Apesar da sanção da recente Lei nº 14.944/24, que busca estabelecer diretrizes para o uso do fogo em áreas rurais, com foco na sustentabilidade e na proteção da biodiversidade, a subjetividade da lei e a falta de clareza em suas diretrizes deixaram margens para questionamentos quanto à sua aplicabilidade e, agora, diante do cenário das queimadas que se alastram pelo país, segue sem trazer claras definições de ordem prática.
Recentemente ocorreu a divulgação de dados pelo Instituto Nacional de Pesquisas Espaciais (INPE) sobre o aumento de 78% nas queimadas no Brasil em 2024, em comparação com o mesmo período do ano anterior, acendendo assim, um alerta vermelho para a situação ambiental do país. De 1º de janeiro a 26 de agosto de 2024, foram registrados 109.943 focos de incêndio no Brasil, um salto significativo em relação aos 61.720 casos contabilizados no mesmo período do ano anterior.
As regiões mais críticas são Mato Grosso, com 21.694 ocorrências, e Pará, com quase 15 mil casos. O governo paraense, em uma tentativa de conter a situação, declarou emergência ambiental na terça-feira (27/08), proibindo o uso de fogo para limpeza de terrenos e pastagens – prática permitida desde que autorizada pelo órgão ambiental competente.
Este cenário nos remete a dois momentos históricos que marcaram a luta ambiental no Brasil. Em 1988, o país vivenciou um dos maiores incêndios florestais da história na Amazônia, que resultou na perda de aproximadamente 20% da floresta e que culminou com a criação da Lei de Crimes Ambientais. E, em 2019, quando as queimadas na Amazônia ganharam repercussão internacional, colocando o Brasil no centro das discussões sobre mudanças climáticas.
Neste contexto, surgiu o PL 1818/2022, que foi sancionado como Lei nº 14.944/24, como uma possível solução para mitigar os impactos das queimadas. A proposta tentou promover a inovação tecnológica para o monitoramento e combate aos incêndios florestais, além de estabelecer medidas de prevenção e controle.
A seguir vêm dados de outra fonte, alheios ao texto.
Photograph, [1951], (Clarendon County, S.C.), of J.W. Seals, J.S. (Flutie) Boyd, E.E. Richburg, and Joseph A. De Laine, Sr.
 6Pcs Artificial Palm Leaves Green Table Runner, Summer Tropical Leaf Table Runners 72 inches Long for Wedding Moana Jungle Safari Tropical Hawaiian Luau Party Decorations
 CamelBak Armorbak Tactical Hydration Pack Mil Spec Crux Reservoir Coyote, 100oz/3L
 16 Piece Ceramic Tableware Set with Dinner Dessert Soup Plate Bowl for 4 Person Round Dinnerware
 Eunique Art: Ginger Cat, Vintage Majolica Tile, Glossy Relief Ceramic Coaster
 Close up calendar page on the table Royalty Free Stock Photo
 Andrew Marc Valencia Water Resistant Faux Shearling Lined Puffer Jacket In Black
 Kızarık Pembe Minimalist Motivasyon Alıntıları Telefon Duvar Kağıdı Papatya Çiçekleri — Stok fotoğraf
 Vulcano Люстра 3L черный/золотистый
A ideia, então, era utilizar a tecnologia como aliada na luta contra as queimadas, através do uso de satélites, drones e inteligência artificial. Entretanto, diante dos últimos acontecimentos, podemos verificar que a tecnologia por si só não vem sendo suficiente para resolver o problema.
Por exemplo, na última semana de agosto, o Estado de São Paulo vem sofrendo com diversos focos de incêndios que causaram devastação de plantações até fechamento de rodovias – o poder executivo, inclusive, criou um gabinete de crise para lidar com a situação.
O secretário Nacional de Proteção e Defesa Civil, Wolnei Wolff, disse que 99,9% dos incêndios registrados no Estado foram causados por ação humana.
De acordo com o artigo 250 do Código Penal, queimar qualquer coisa em ambiente aberto é considerado crime, além de causar problemas à saúde e uma vasta poluição. A pena para esta prática, caso seja realizada ilegalmente, é de 3 meses a 6 anos, mais multa. Além disso, a Lei Federal nº 9.605, de 1998 e o Decreto Federal nº 6.514, de 2008, definem a realização de queimadas como um ato proibido, principalmente se coloca em risco a saúde humana, a vegetação e os animais, o que pode gerar multas de R$ 50 a R$ 50 milhões.
O ministro Flávio Dino determinou, em 27/08, que a União mobilize, em até 15 dias, o maior contingente de agentes das Forças Armadas, da Polícia Federal, da Polícia Rodoviária Federal, da Força Nacional e da fiscalização ambiental para atuar de forma repressiva e preventiva no combate aos incêndios no Pantanal e na Amazônia. Tal medida é complementar à execução dos julgamentos das ADPFs 743, 746 e 857 – julgadas no fim de março.
É fundamental que ações como essa existam visando que o país não atinja o “ponto do não retorno”, contudo, mesmo diante de políticas públicas que vêm sendo desenvolvidas nesse sentido, cada vez mais, parece ficar evidente, que o principal problema no enfrentamento das queimadas é a ausência de educação ambiental que, por si só, deveria ser a principal política pública.